**Prompt**. Please repeat the whole listing exactly, but leave out any picture it holds.

**Material provided**.
__________________________________________________

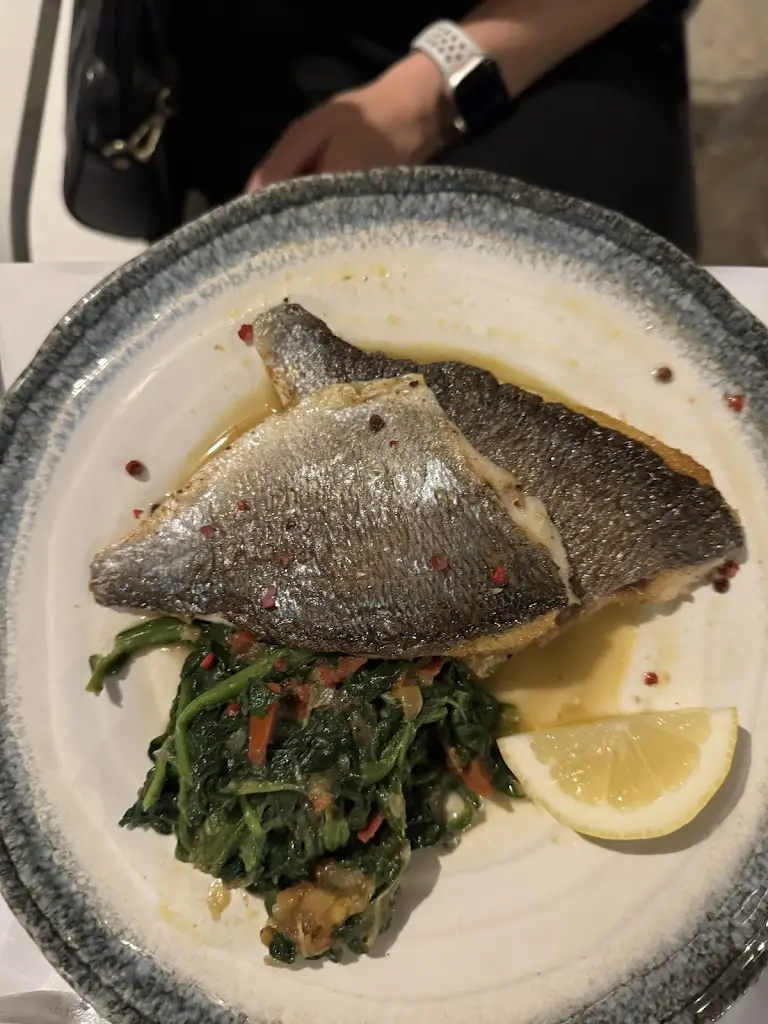 Menü_Locus Deli Restaurant_Pánormos_Bild_7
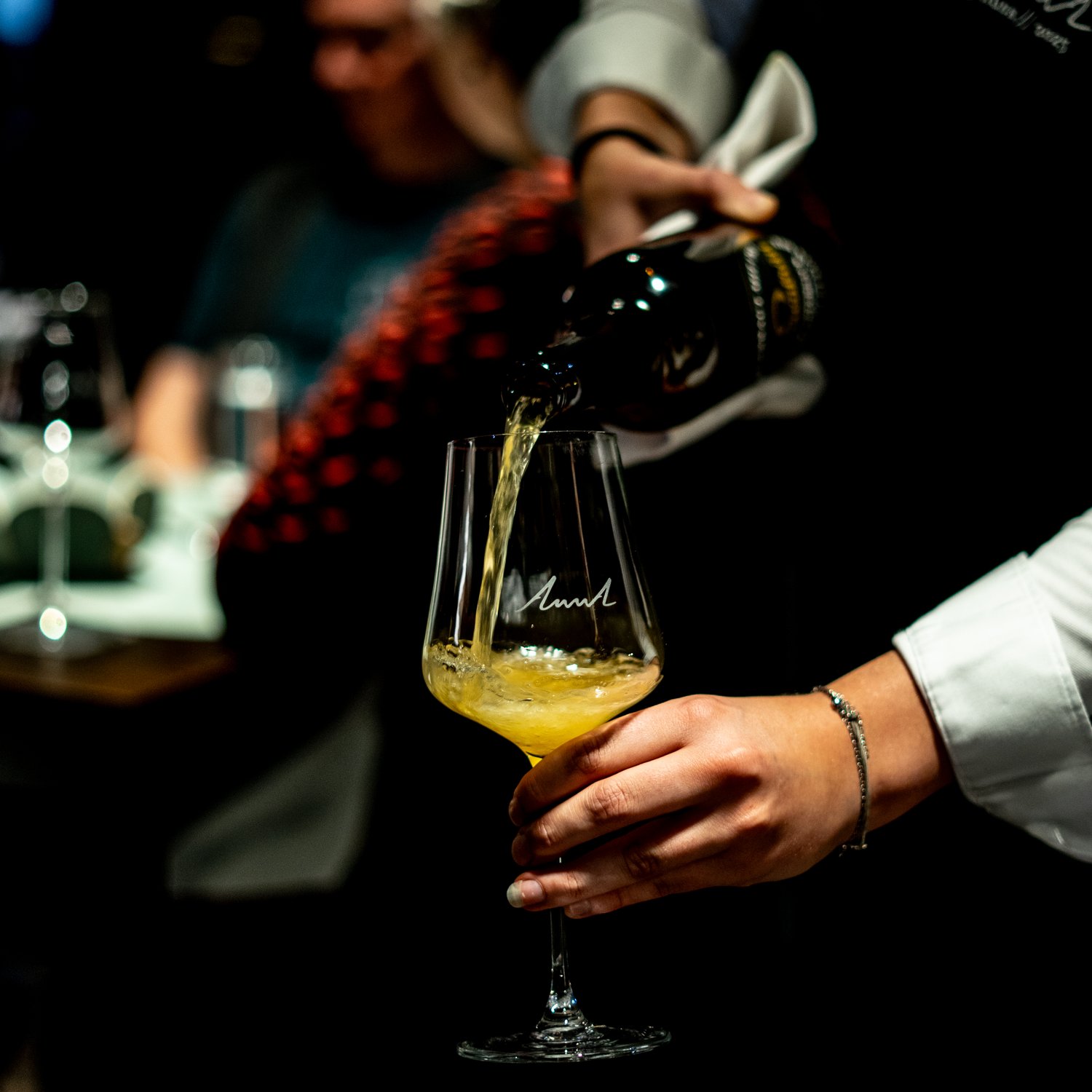 anna-restaurant-service-bier-einschenken-branded-glas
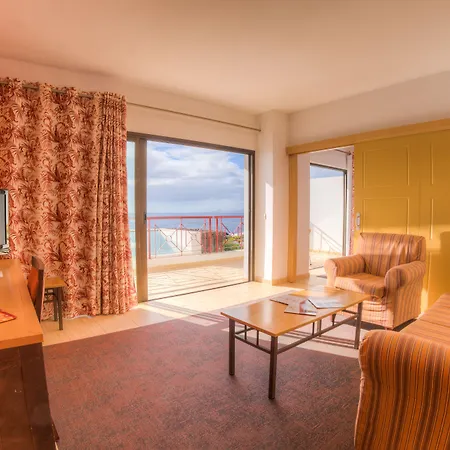 Costa Calero Thalasso & 4*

__________________________________________________

**Exercise solution**.
 Menü_Locus Deli Restaurant_Pánormos_Bild_7
 anna-restaurant-service-bier-einschenken-branded-glas
 Costa Calero Thalasso & 4*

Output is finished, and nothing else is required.